I have some array
a = np.array([1, 2, 3])
and some mask
mask = np.ones(a.shape, dtype=bool)
and can do
np.testing.assert_almost_equal(a[mask], a) # True
However,
np.ma.array(a, mask)
is equivalent to
a[np.logical_not(mask)]
and
np.ma.array(a, np.logical_not(mask))
is equivalent to
a[mask]
This seems counter intuitive to me.
Would love an explanation for this design choice by numpy.
In [6]: a = np.array([1,2,3])
In [7]: idx = np.array([1,0,1], bool)
In [8]: idx
Out[8]: array([ True, False, True])
In [9]: a[idx]
Out[9]: array([1, 3])
Just because you called a boolean array mask
, does not mean it behaves as 'mask' in every sense of the word. I intentionally choose a different name. Yes, we do often call such an array mask
and talk of 'masking', but what we are really doing is 'selecting'. The a[idx]
operations returns the elements of a
where the idx
is True. It's the same as indexing with the nonzero
tuple:
In [13]: np.nonzero(idx)
Out[13]: (array([0, 2]),)
In np.ma
mask is used in the sense of 'mask out', covering over.

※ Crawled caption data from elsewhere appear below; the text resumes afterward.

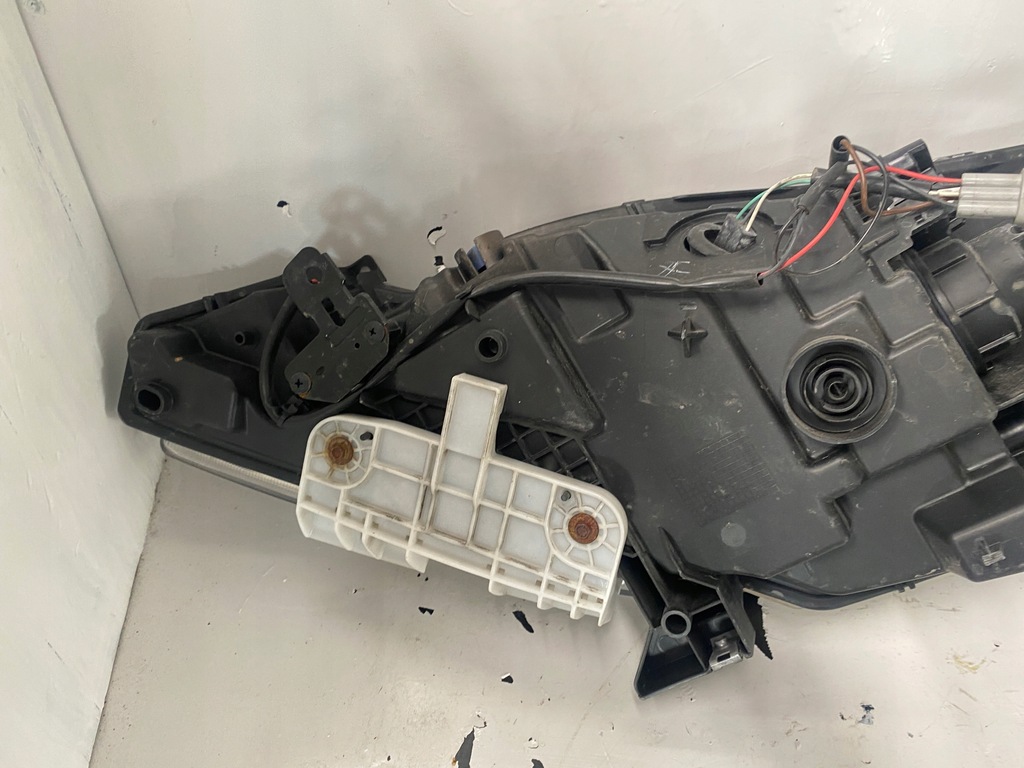 фото №11, Nissan leaf i лампа правый перед 26010 3nl0a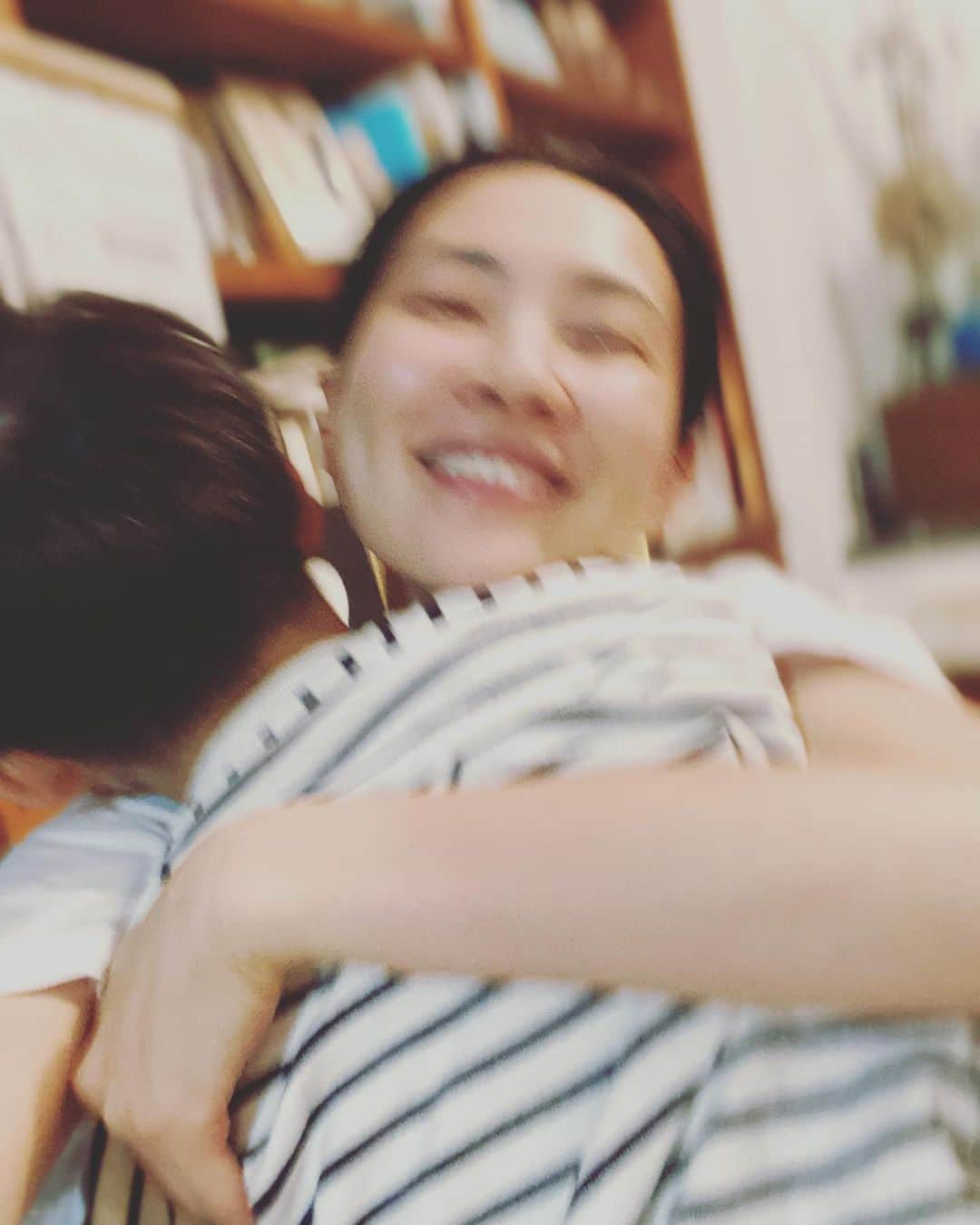 浜島直子さんのインスタグラム写真 - (浜島直子Instagram)「息子が反抗期になった時のための備忘録。  一泊2日の出張から帰ると全身で喜びを表現してくれた8歳男子。  まるで、ゴールデンレトリバー。(飼ったことないけどなんとなくイメージ🤣)  息子が着てるのは、洗濯カゴから持ってきた私の服。(洗ってない😂)  旦那曰く、夜に寂しくなってこの服の匂いを嗅いで寝たよと🥹 え。臭くなかったかな🥹 ・ #昨日私がいるのに #まだこの服を抱きしめて寝た #さては #おぬし #単純に #手触りが気に入っただけだな😂🤣 #誰にも聞かれていませんが #このシマシマの服は @shinzone_official です #ちなみに私は @bshop_official のオンラインで買いましたよ」5月3日 11時33分 - hamaji_0912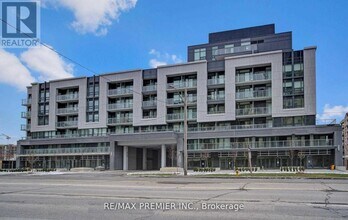 Building Photo - 621 Sheppard Ave E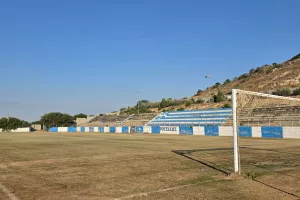 Ξεκίνησαν εργασίες στον χλοοτάπητα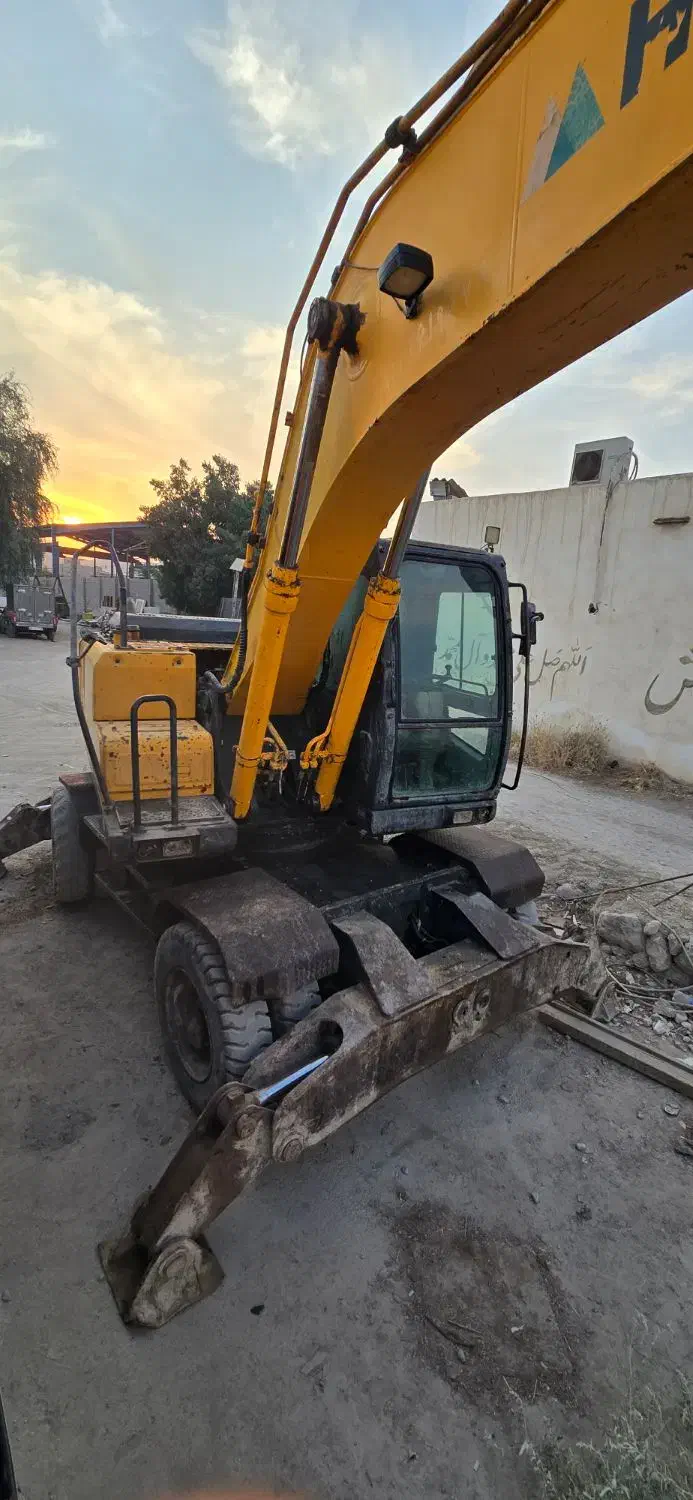 بیل مکانیکی هیوندا|خودرو سنگین|بندرعباس, |دیوار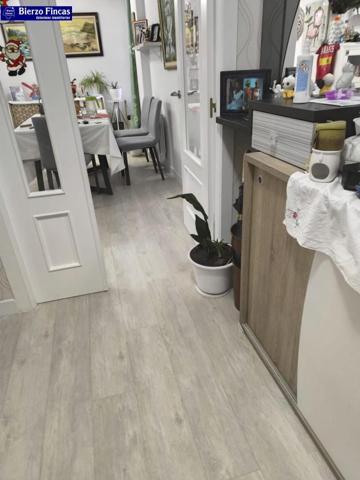 Piso en venta en Ponferrada, La Cemba photo 0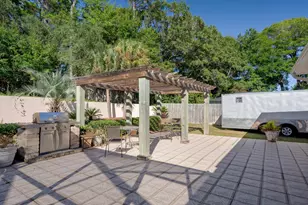 2002 Kildare Cir, Niceville, FL 32578 - Photo 25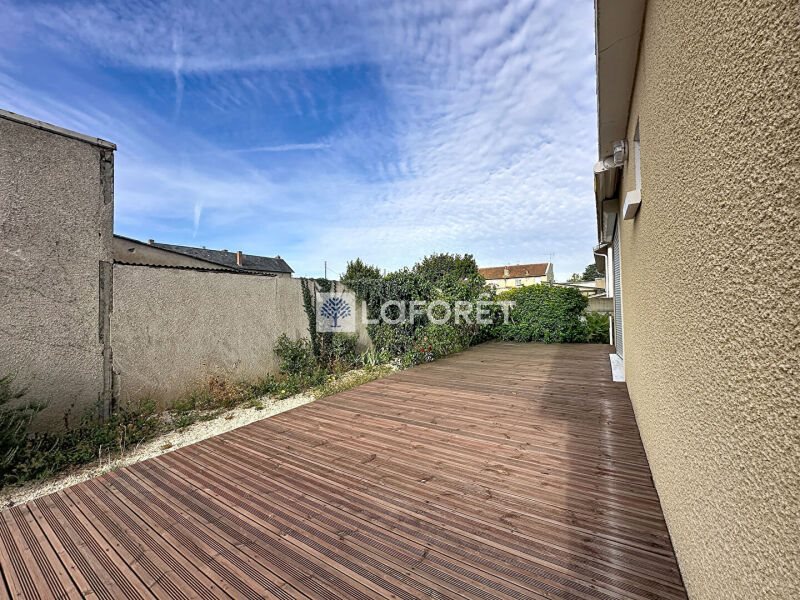 Maison à vendre, 151m², Thouars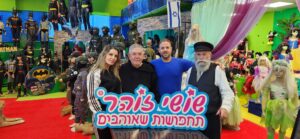 שושי זוהר: אלפי תחפושות לפורים נתרמו לילדים נזקקים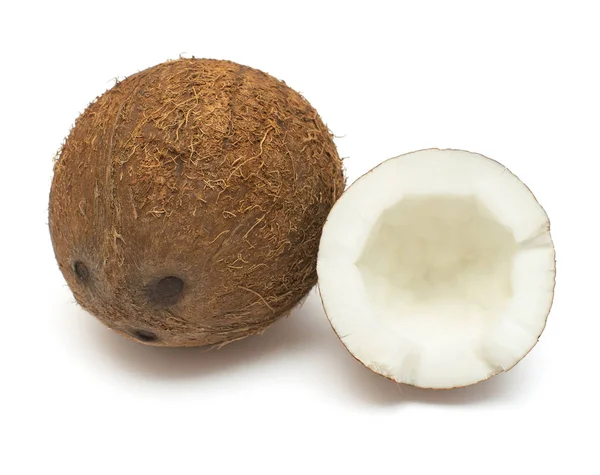 Cocos inteiros e meio isolados sobre fundo branco. Tropical f — Fotografia de Stock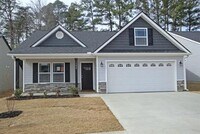 Building Photo - Spacious 3/2 Move In Ready Now!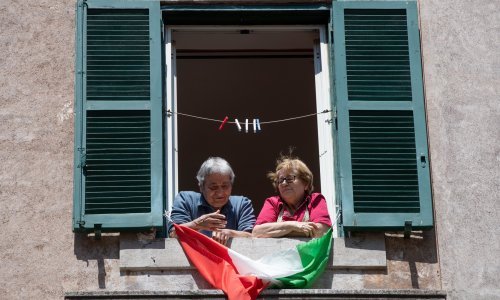 Italija bilježi manju dnevnu smrtnost od Covida-19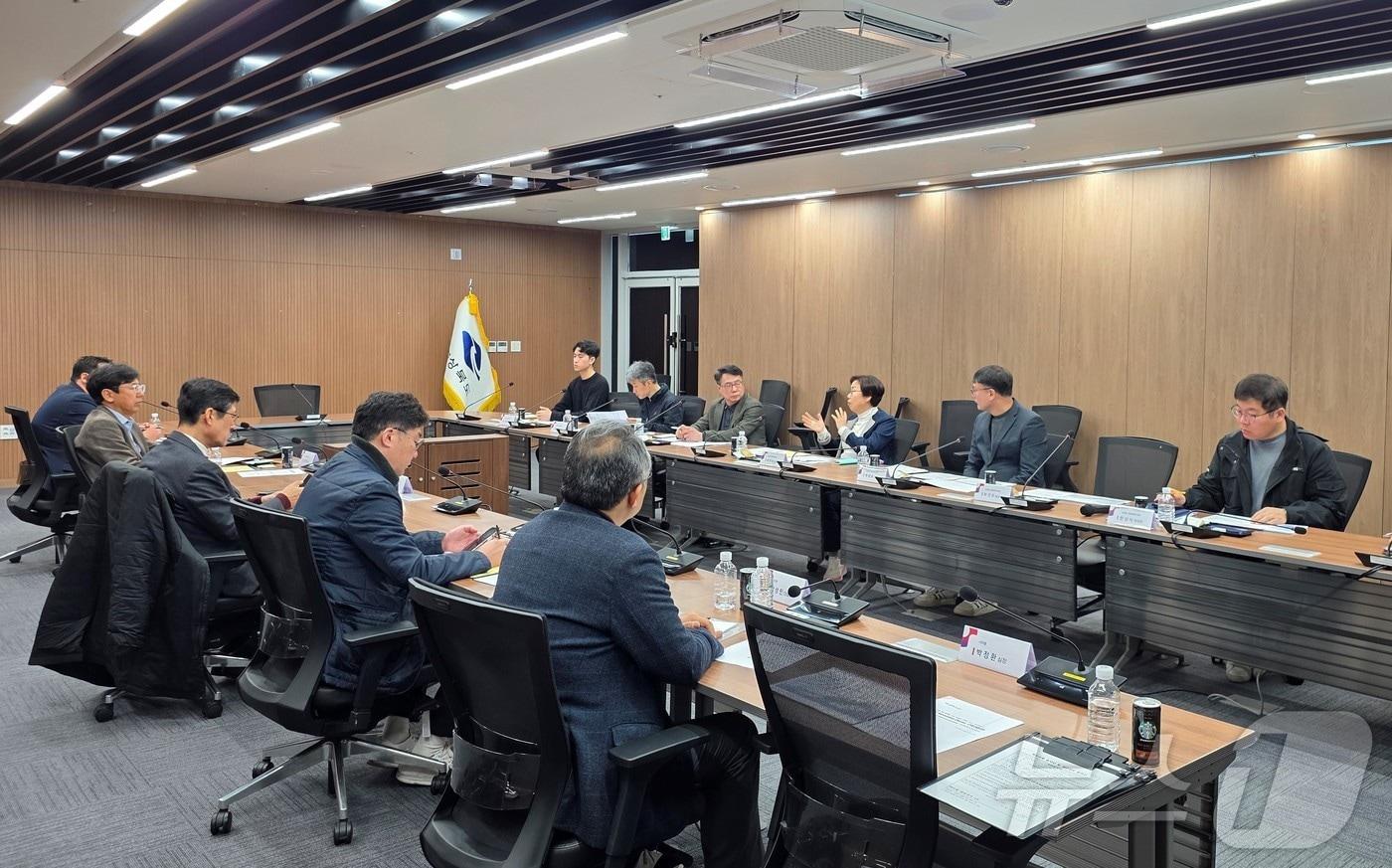 본문 이미지 - 경북도는 18일 ‘경상북도 소버린 AI 기본계획’을 수립하고 도정과 산업 전반에 인공지능 전환(AX)을 본격 추진한다. 사진은 경북도 인공지능 전화 전략회의/뉴스1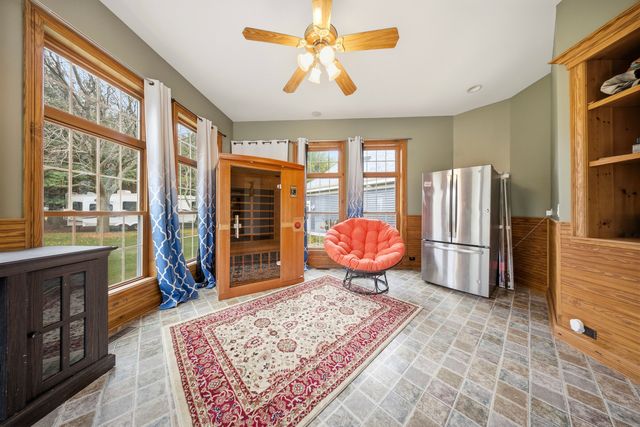 10731 Somonauk Road, Hinckley, IL 60520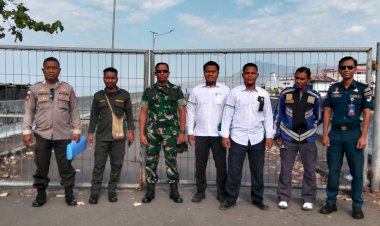 Polsek-Aimere-Amankan-Kelancaran-Bongkar-Muat-KMP-Cakalang-II-di-Pelabuhan-Laut-Aimere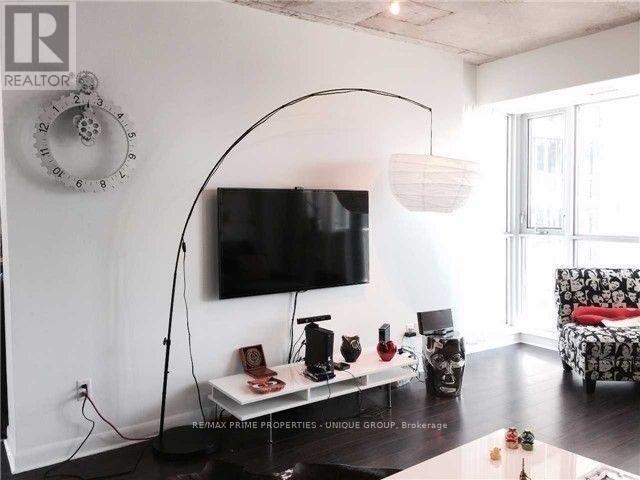 Photo du bâtiment - 375 King St W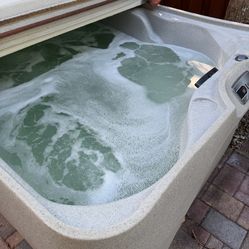 2025 Freeflow Spas Jacuzzi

In [10]: mm = np.ma.masked_array(a, mask=idx)
In [11]: mm
Out[11]:
masked_array(data=[--, 2, --],
mask=[ True, False, True],
fill_value=999999)
In [12]: mm.compressed()
Out[12]: array([2])
In the display the masked values show up as '--'. As the np.ma
docs say, those elements a considered to be invalid, and will be excluded from computations.
mm.filled
returns an array with the 'masked' value replaced by the 'fill':
In [16]: mm.filled()
Out[16]: array([999999, 2, 999999])
we can do the same thing with idx
:
In [17]: a[idx] = 999999
In [18]: a
Out[18]: array([999999, 2, 999999])